Mapper output will be displayed in the form of (K,V) pairs. Map phase performs the following two sub-steps -

  • Splitting - Takes input dataset from Source and divide into smaller sub-datasets.
  • Mapping - Takes the smaller sub-datasets as an input and perform required action or computation on each sub-dataset.

The output of the Map Function is a set of key and value pairs as <Key, Value>.


Shuffle & Sort Phase -

This is the second step in MapReduce Algorithm. Shuffle Function is also known as “Combine Function”. Mapper output will be taken as input to sort & shuffle.

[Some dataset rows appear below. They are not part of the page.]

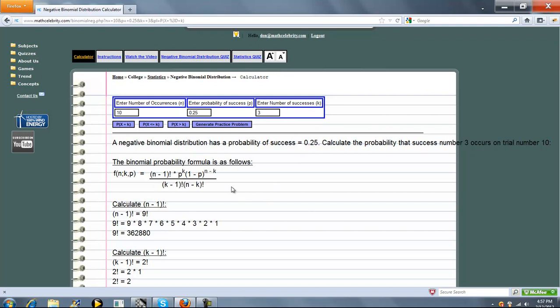So the binomial probability formula for the negative binomial distribution is as follows. It's this formula here. So once you have the formula, you basically plug in your n, p, and k, and you simplify.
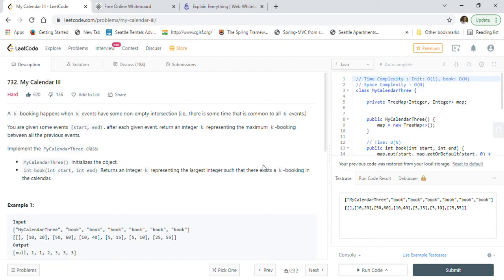Hi friends, welcome back. Today we are going to solve LeetCode problem 732: My Calendar 3. My channel is focused on helping people preparing for coding interviews and Java interviews. There are more than 200 solved examples explained with Java code, taken from previously asked questions by big tech companies like Amazon, Apple, Facebook, Microsoft, Google, Yahoo, and many others — handpicked to cover dynamic programming, linked lists, strings, graphs, binary search, BST, BFS, DFS, and matrix problems. If you are preparing for coding interviews, please subscribe to the channel.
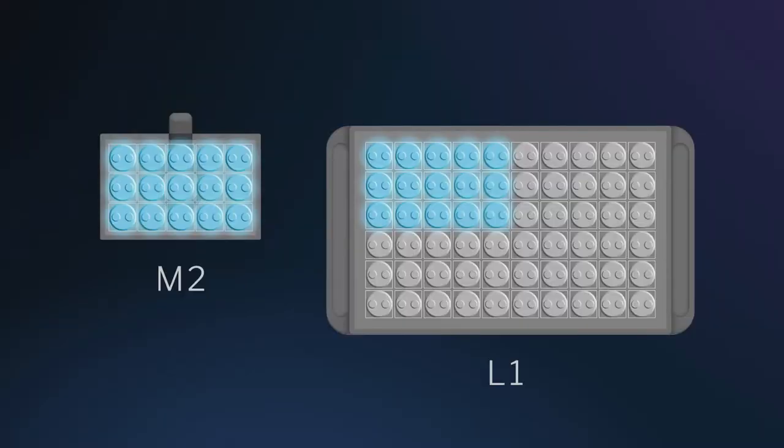With one customer, we were able to match their demand and scale to the L1 platform as production volumes increased, and transition back to the M2 platform as production orders decreased.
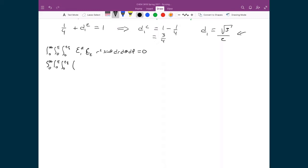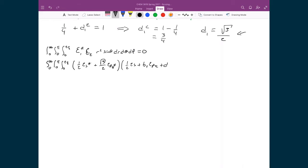We have 1 half times 2S star plus root 3 over 2 times 2PZ star, and that's going to be multiplied by 1 half 2S plus B2 times 2PX plus D2 times 2PZ. Then we have R squared sine theta, dR, d theta, d phi, equal to 0.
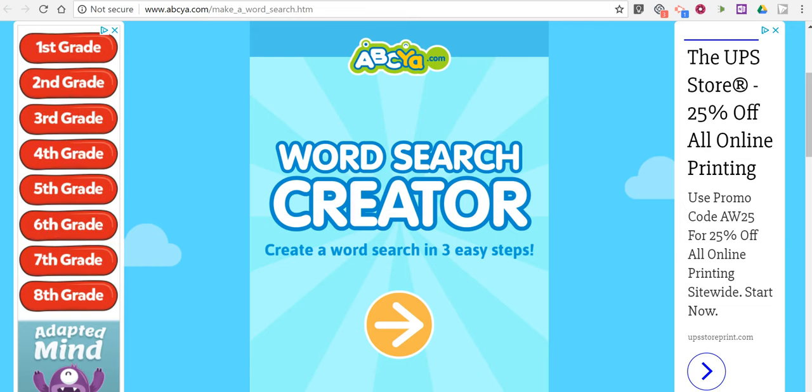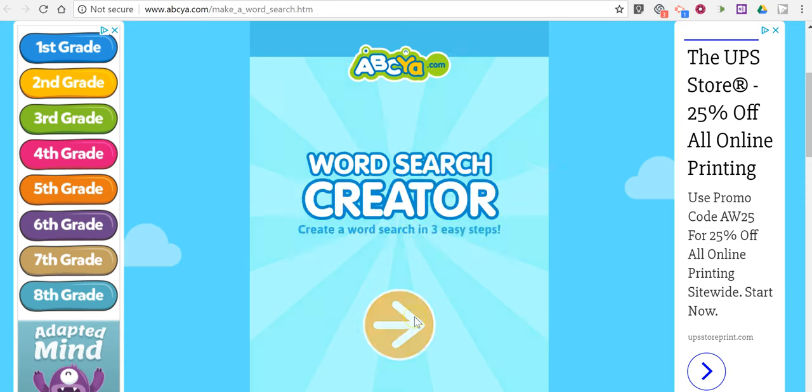Hi, I'm Richard Byrne. In this video, I'm going to show you how you can use ABCA.com's Word Search Creator. Let's go ahead and get started.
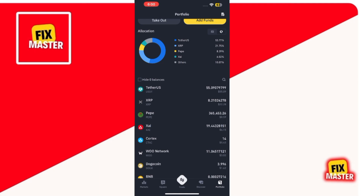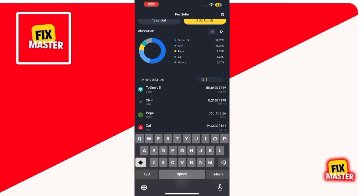This section lists all the cryptocurrencies available on Binance. On the right-hand side of the screen, you'll see a magnifying glass icon, which is the search button. Tap on that to search for USDT.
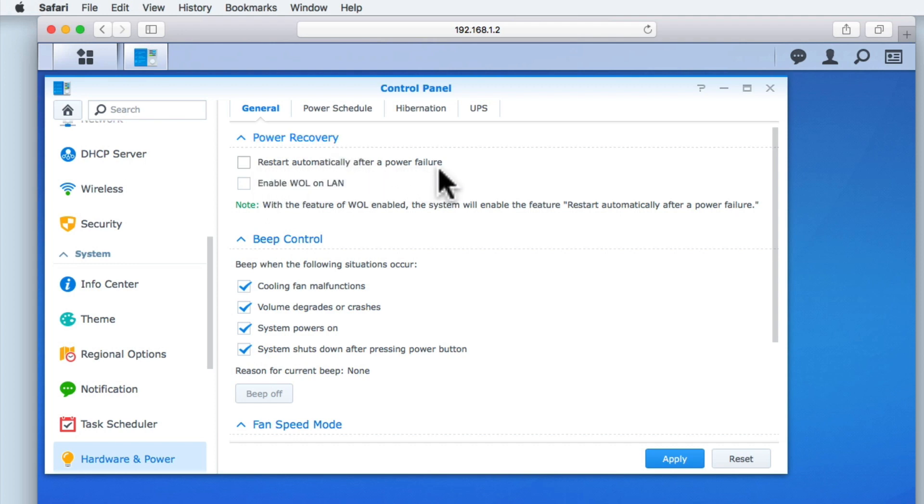will in the event of a power failure, once the power has been restored, make the NAS automatically restart. As other services within the Hardware and Power settings need this option to be enabled, we're going to enable this feature now.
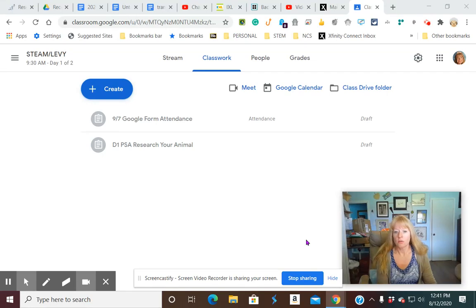The goal this year is to streamline assignments in Google Classroom, so students only have to really click one thing to submit the assignment.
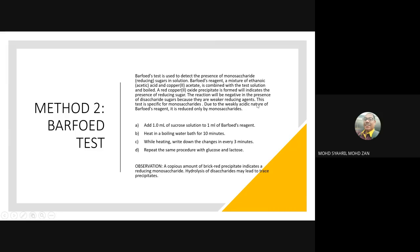Due to the weakly acidic nature of Barfoed reagent, it is reduced only by monosaccharides. Procedure: put 1 ml of sucrose solution and mix with 1 ml of Barfoed reagent; boil for 10 minutes, recording results at every 3-minute interval. Repeat with glucose and lactose. Expected result: a copious amount of brick-red precipitate indicates reducing monosaccharides. For disaccharides, hydrolysis is needed first and only a trace amount of brick-red precipitate will appear.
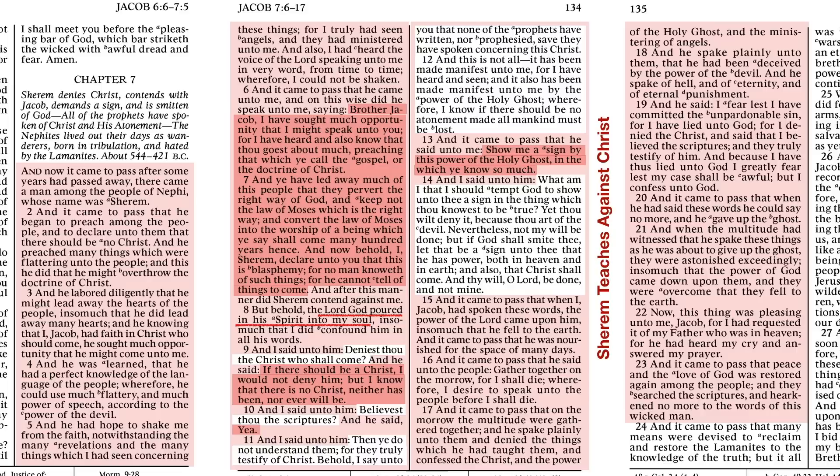What am I that I should tempt God to show unto thee a sign in the thing which thou knowest to be true? Yet thou wilt deny it, because thou art of the devil. Nevertheless, not my will be done, but if God shall smite thee, let that be a sign unto thee, that he has power both in heaven and in earth, and also that Christ shall come. And thy will, O Lord, be done and not mine. And then we have the results: as soon as he spoke these words, the power of the Lord came upon him insomuch that Sherem fell to the earth and it came to pass that he was nourished for the space of many days.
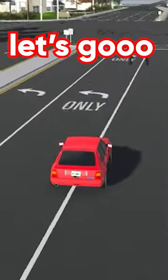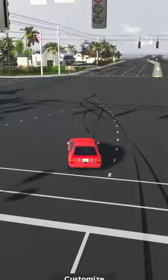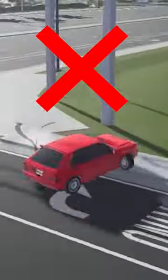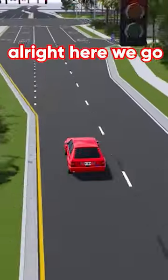Here's my first try. Let's go. Oh no, no, no, no. Oh my. All right, here we go.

The shuffling is the grouping of the data from various nodes based on the key. This is a logical phase. Sort is used to list the shuffled inputs in sorted order.

It performs the following two sub-steps -

  • Merging - combines all key-value pairs which have same keys and returns <Key, List<Value>>.
  • Sorting - takes output from Merging step and sort all key-value pairs by using Keys. This step also returns <Key, List<Value>> output but with sorted key-value pairs.

It takes a list of outputs coming from “Map Function” and perform these two sub-steps on each and every key-value pair. Finally, Shuffle Function returns a list of <Key, List<Value>> sorted pairs to Reducer phase.


Reducer Phase -

Reduce phase is the final step in MapReduce Algorithm. Reduce is inherently sequential unless processing multiple tasks. It takes list of <Key, List<Value>> sorted pairs from Shuffle Function and perform reduce operation.

Reduce function receives an iterator values from an output list for the specific key. Reducer combines all these values together and provide single output value for the specific key. This phase performs only one step - Reduce step.

Reduce step <Key, Value> pairs are different from map step <Key, Value> pairs. Reduce step <Key, Value> pairs are computed and sorted pairs. After completion of the Reduce Phase, the cluster collects the data to form an appropriate result and sends it back to the Hadoop server.